By: Keith Brockett
Illustrated by: Joseph Cowman
Publisher: Sleeping Bear Press
Publication Date: September 2015
Reviewed by: Deb Fowler
Review Date: December 16, 2015
A well-lit theater looked down upon a sleepy, snowy little town. Wreaths hung from the lamp posts and colored lights twinkled along the eaves of the houses. It was as if the town was waiting for the big event and indeed it was because it was opening night for “The Nutcracker.” It was a doubly special night because it was also Christmas Eve and Santa would soon be on his way! All was well...almost.
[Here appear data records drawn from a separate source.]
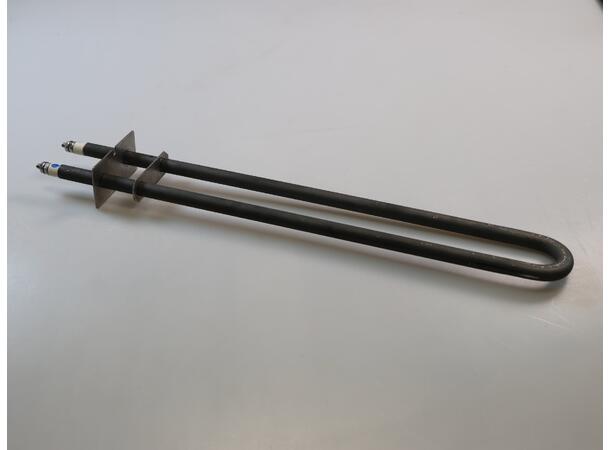 ELEMENT, 208V, 1000W (FH94E) Element, 208 V, 1000 W (FH94E) 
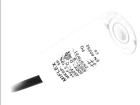 I150V614K-C1 Passive Components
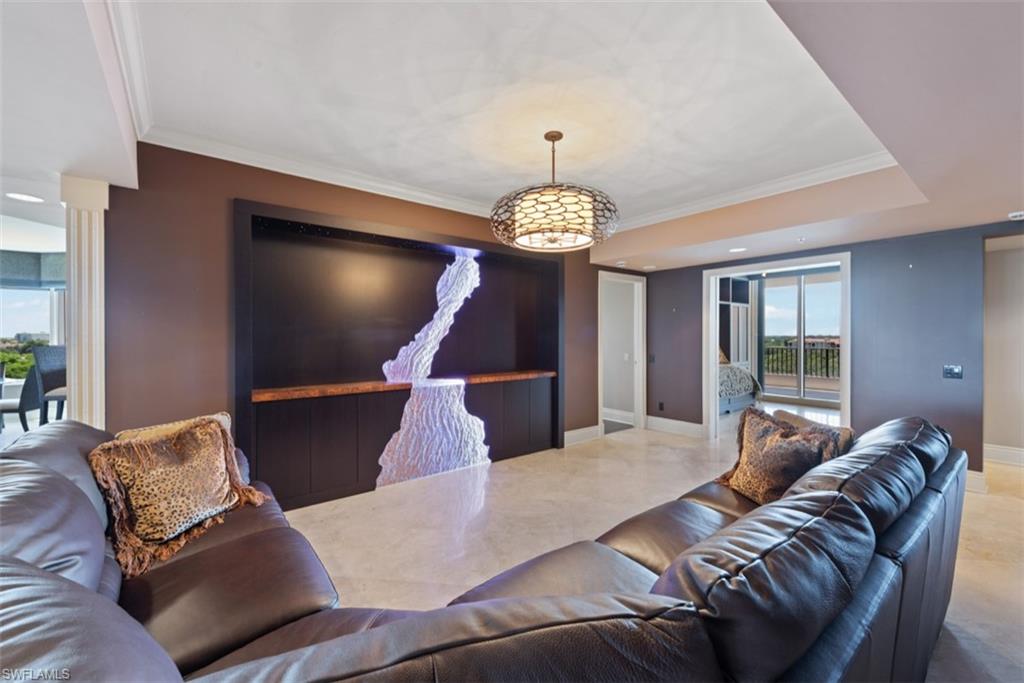 MONTENERO - Residential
At the theater things began to go wrong, disastrous actually.
Things just seemed to go from bad to worse as the day progressed. “The programs had come from the printer that day / with titles misspelled, ‘The Nutsnacker’ Ballet. / The error was funny and might have amused, / if not for those programs that couldn’t be used.” The stagehands were sick, the spotlight had tumbled to the floor, and the theater cat had ripped up the tulle skirts. Of course without skirts the Snowflakes and Flowers couldn’t perform and they all began to cry.
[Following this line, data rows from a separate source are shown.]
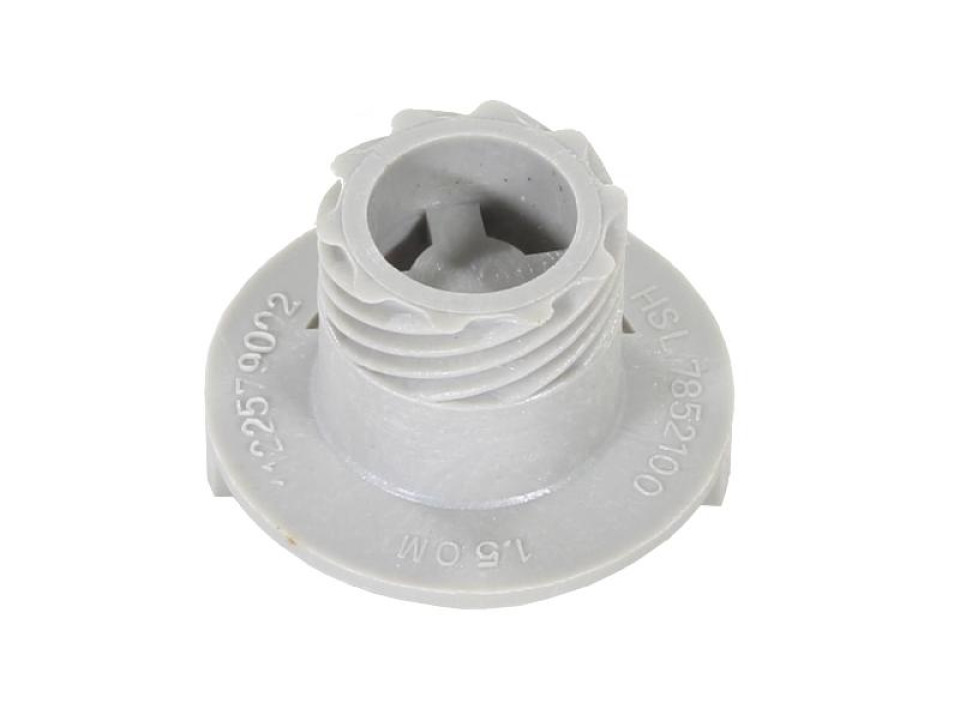 jaszmotor_webshop_kilometer_meghajto_simson_<br>(muanyag)_<br>(twn)_-_mr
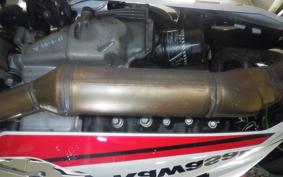 KAWASAKI NINJA 400 2022 EX400G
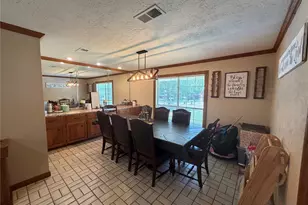 936 Hunterwood Dr, Jasper, TX 75951 - Photo 29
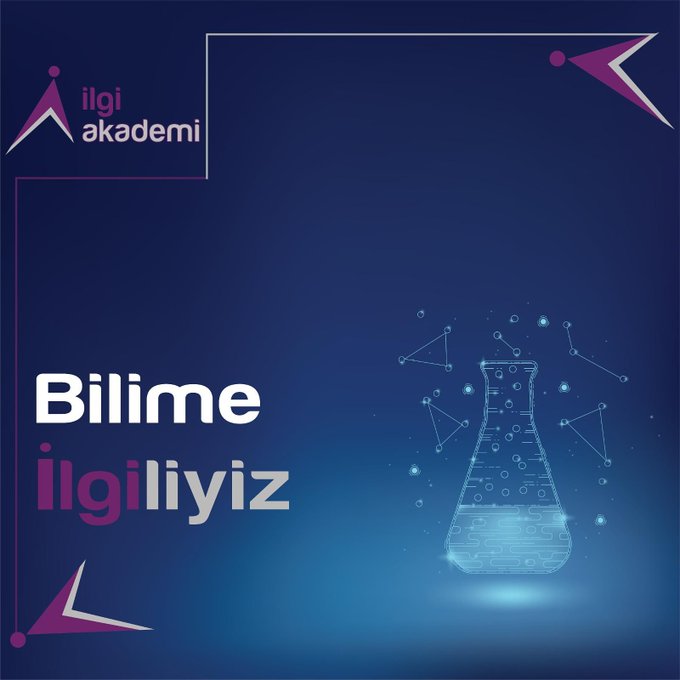 İlgi Bilim Akademisi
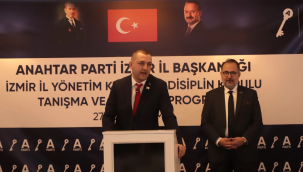 Kurumsallık Eleştirisi Mi? Peki Siz Ne Kadar Kurumsallaştınız?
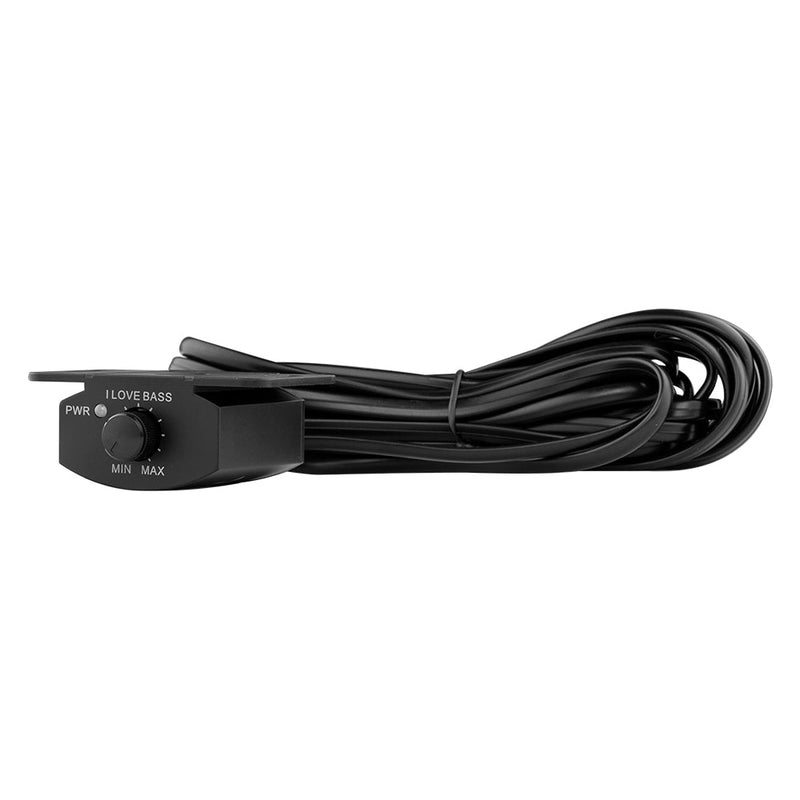 Load image into Gallery viewer, ZR 1-Channel Class D Amplifier 500 Watts Rms @ 1-Ohm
All the sparkle and glittery gems had fallen off the tutus and it looked like a pair of mice were stealing a sword. “But worse was to come. With a crash! And a yell! / The Christmas tree used in the party scene fell! / Its ornaments shattered across the stage floor / and none of its lights would light up anymore.” Even the Mouse King was missing. The little snow-covered town was going to be sorely disappointed if the show didn’t go on. Could anything be done to save the theater from the worst disaster ever?
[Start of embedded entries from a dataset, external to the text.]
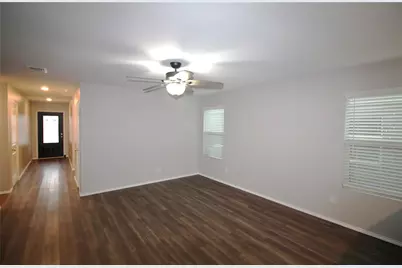 1103 Wildflower Street, Ennis, TX 75119 - Photo 6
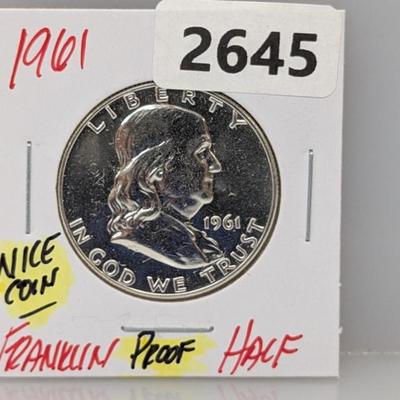 Sale Photo Thumbnail #695
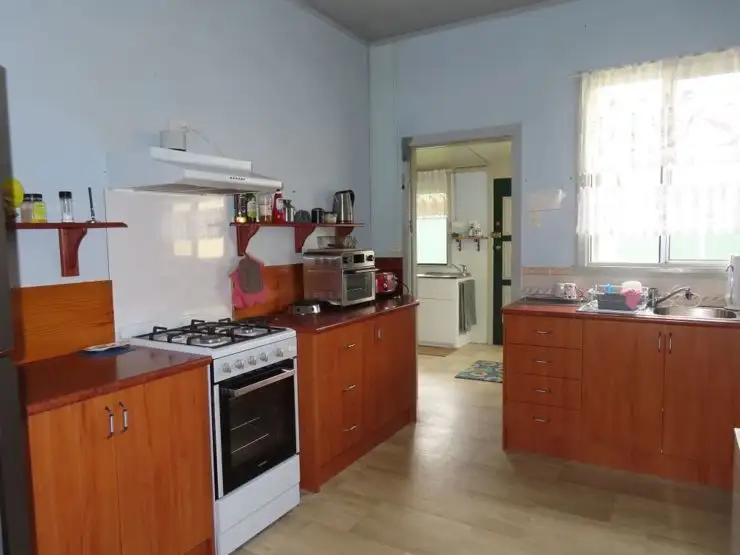 Second view of Homely house listing, 99 Granite Belt Drive, The Summit QLD 4377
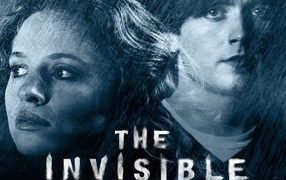 Супермодель Маргарита Левиева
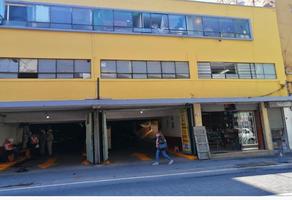 Foto de inmueble en  , Col. Centro (Área 2) C.P. 06010, Cuauhtémoc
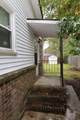 501 Hansford Drive - Photo 29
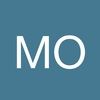 michelle_od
Similar to many Christmas tales, this one is adapted from Clement C. Moore’s poem, Twas the Night Before Christmas. Indeed it was a disaster in the making at the little theater that young children will find amusing, especially those who love ballet. I loved the rhyming scheme, one that’s so difficult to do well. The touches of humor, both in the verse and the artwork are totally charming. Every turn of the page finds yet another disaster that will delight. In the back of the book is a glossary of ballet and theater terms and a brief overview of “The Nutcracker” Ballet.
Quill says: A very unique and fun tale that will amuse even the most curmudgeonly person!